Our demands from the Banque de France

The bank of France must take a clear and public stance and use its position within the Eurosystem and the ECB’s Governing Council to favour the adoption of the measures mentioned above.

While the governor of the Banque de France claims he wants to make the ECB a “pioneer central bank in the fight against climate change”, it actually suggest to wait “3 to 5” more years to act. This delay totally contradicts the bank’s decision to reduce its investments in fossil fuels taken in January 2021. The Banque de France should build on this first step at the European level and push other NGFS members to follow this path. Furthermore, the bank can still improve its fossil fuel policy to:

  • Strengthening its opposition to any new fossil fuel project, by divesting from companies that continue to plan such projects after a first opposition vote.
  • Committing to progressively reduce its thresholds for oil and gas to exit fossil fuels by 2040 at the latest, and much sooner for unconventional oil and gas.

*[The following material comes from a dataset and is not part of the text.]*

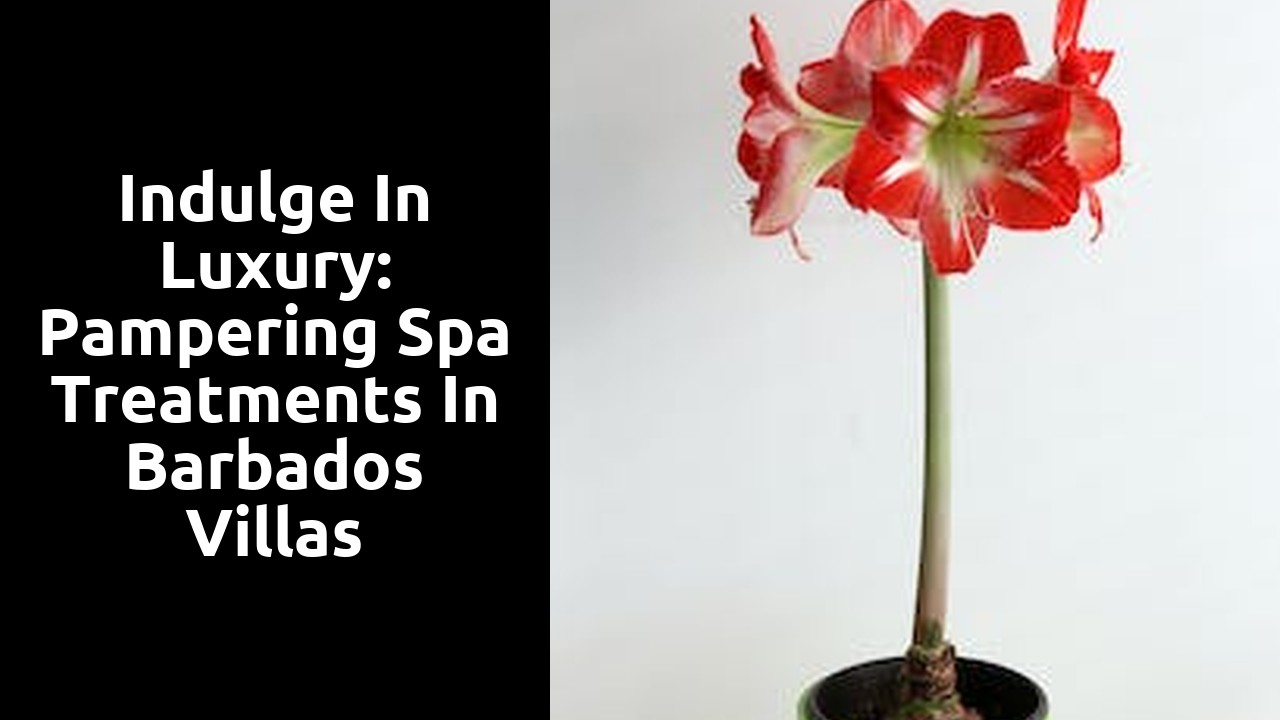 Indulge in Luxury: Pampering Spa Treatments in Barbados Villas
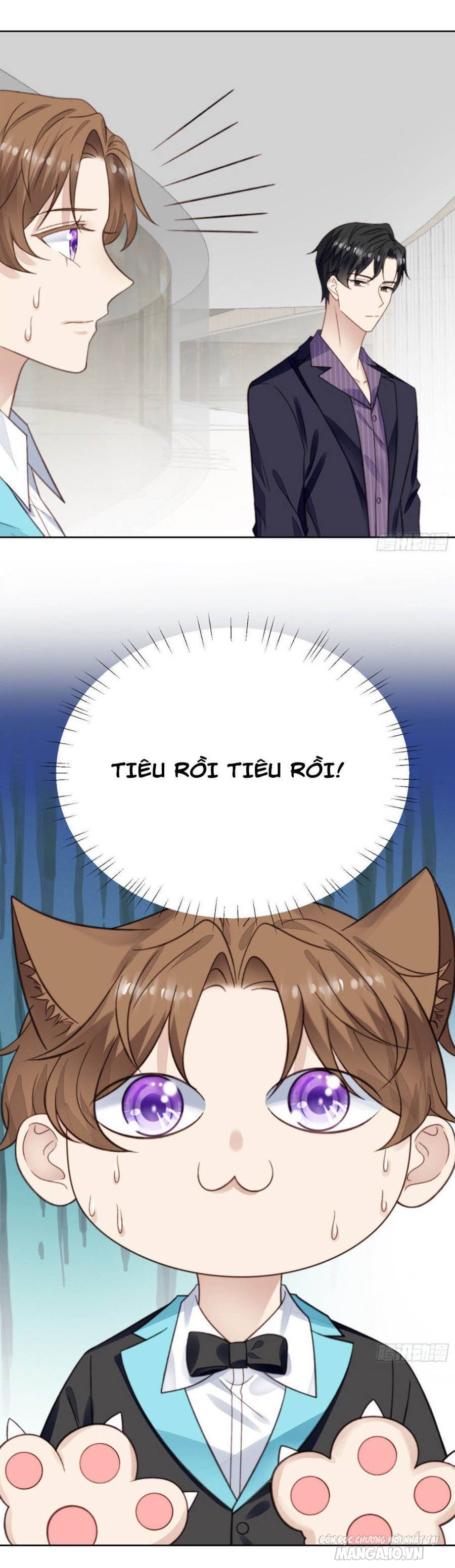 Lưng Dựa Núi Lớn Đứng Vững C Vị Chapter 16 - Trang 2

Our demands from the Network for Greening the Financial System (NGFS)

The NGFS should work towards the rapid reduction of greenhouse gas emissions and take decisive action rather than issuing mere recommendations. Using the best available scientific knowledge, the NGFS must promote concrete measures, starting with Reclaim Finance’s demands for the European Central Bank.

The NGFS must also amend its climate scenarios to reach a high environmental standard. This means:

  • Using a reference scenario limiting global heating to 1.5ºC above pre-industrial levels;
  • Integrating the urgent need to exit fossil fuels and stop further investments in the sector; and
  • Considering the high uncertainty regarding carbon capture and storage technologies, and negative emission in general, by drastically limiting their weight in these scenarios.